Recueil brut, sans commentaire, de textes de victimes et bourreaux de la Shoah, anonymes ou célèbres, La Diaspora des cendres est à découvrir sur le replay de LCP.
« Nous voulions parler, être entendus enfin. À peine commencions-nous à raconter, que nous suffoquions. À nous-mêmes, ce que nous avions à dire commençait alors à nous paraître inimaginable », écrit Robert Antelme, rescapé d’un camp nazi, dans L’Espèce humaine.
C’est cet impensable que William Karel donne à entendre et à voir dans La Diaspora des cendres, recueil brut, sans commentaire, de textes de victimes et bourreaux de la Shoah, anonymes ou célèbres. Auteur d’une quinzaine de films sur la question juive – Contre l’oubli, Album(s) d’Auschwitz, Jusqu’au dernier : la destruction des juifs d’Europe… –, ce grand documentariste aux 80 printemps passés ressentait le besoin de coucher sur bande-son et pellicule des mots et images qui lui avaient été confiés au cours de ses recherches.
Témoignages rares
« J’avais le regret de ne pas avoir utilisé de nombreux documents que je conservais sur mon ordinateur », confiait-il en mai dernier, alors que France Culture diffusait La Diaspora des cendres. Un documentaire sonore de deux heures d’une rare puissance, tissé des témoignages de prisonniers des camps ou de soldats SS lus sans pathos par six voix dont deux pensionnaires de la Comédie-Française (Elsa Lepoivre et Denis Podalydès).

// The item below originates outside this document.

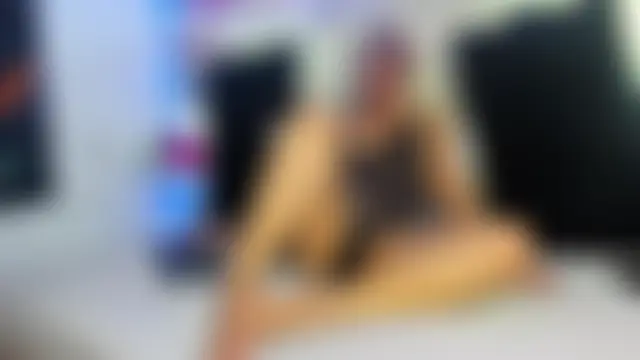 แชท XXX สดของ JaddeWalker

À l’occasion de la commémoration de la libération des camps de concentration, LCP en propose une version télévisée d’une heure. Les témoignages, glaçants ou cyniques, résonnent sur des images de propagande nazie, des plans fixes d’Auschwitz, des dessins horrifiques de lieux d’extermination ou des photos de sacs de cheveux en partance pour la confection de pantoufles en Allemagne…
William Karel craignait que les images n’érodent la puissance des mots lus. Il n’en est rien. Si le documentaire convoque moins l’imagination que sa version sonore, il montre avec la même force l’efficacité de l’entreprise de déshumanisation et d’exaltation de la haine qui mène à l’« inimaginable ».